▶ **EXERCISE DESCRIPTION**:
Once you have located the line containing "More TR Apple" in the material below, return it exactly along with each line after it through the line containing "CAC-4220-1 , CAC-4220-2".

▶ **DATA**:
+++++
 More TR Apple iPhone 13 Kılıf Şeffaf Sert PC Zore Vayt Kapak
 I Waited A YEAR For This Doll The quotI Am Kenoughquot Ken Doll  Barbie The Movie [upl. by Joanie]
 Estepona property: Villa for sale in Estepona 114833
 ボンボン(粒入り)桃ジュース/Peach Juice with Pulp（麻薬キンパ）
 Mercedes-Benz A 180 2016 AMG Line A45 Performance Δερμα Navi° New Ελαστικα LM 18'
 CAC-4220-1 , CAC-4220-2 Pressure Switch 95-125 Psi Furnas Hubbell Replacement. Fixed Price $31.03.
+++++
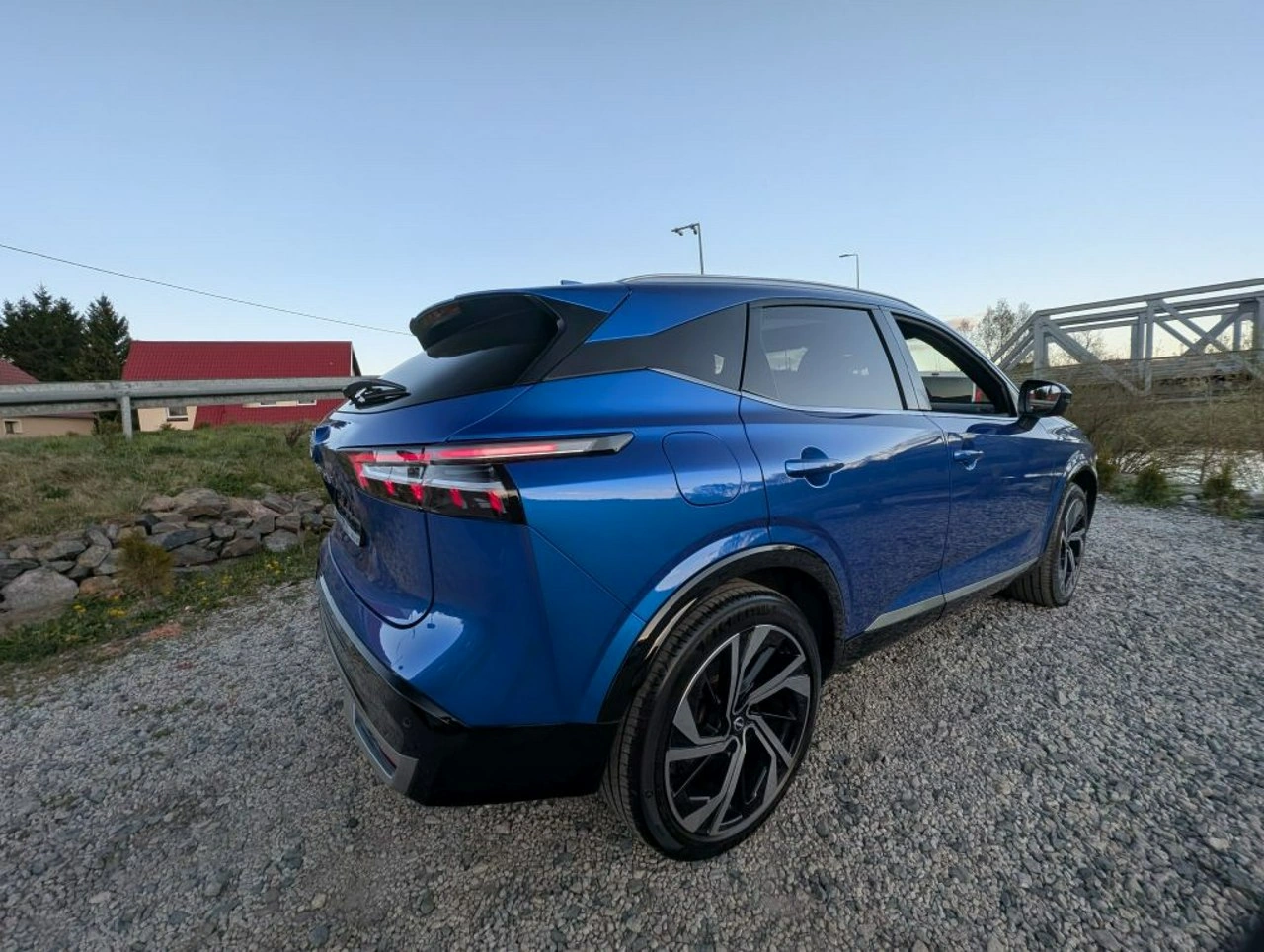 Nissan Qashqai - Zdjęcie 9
+++++
▶ **ANSWER BOX**:
 More TR Apple iPhone 13 Kılıf Şeffaf Sert PC Zore Vayt Kapak
 I Waited A YEAR For This Doll The quotI Am Kenoughquot Ken Doll  Barbie The Movie [upl. by Joanie]
 Estepona property: Villa for sale in Estepona 114833
 ボンボン(粒入り)桃ジュース/Peach Juice with Pulp（麻薬キンパ）
 Mercedes-Benz A 180 2016 AMG Line A45 Performance Δερμα Navi° New Ελαστικα LM 18'
 CAC-4220-1 , CAC-4220-2 Pressure Switch 95-125 Psi Furnas Hubbell Replacement. Fixed Price $31.03.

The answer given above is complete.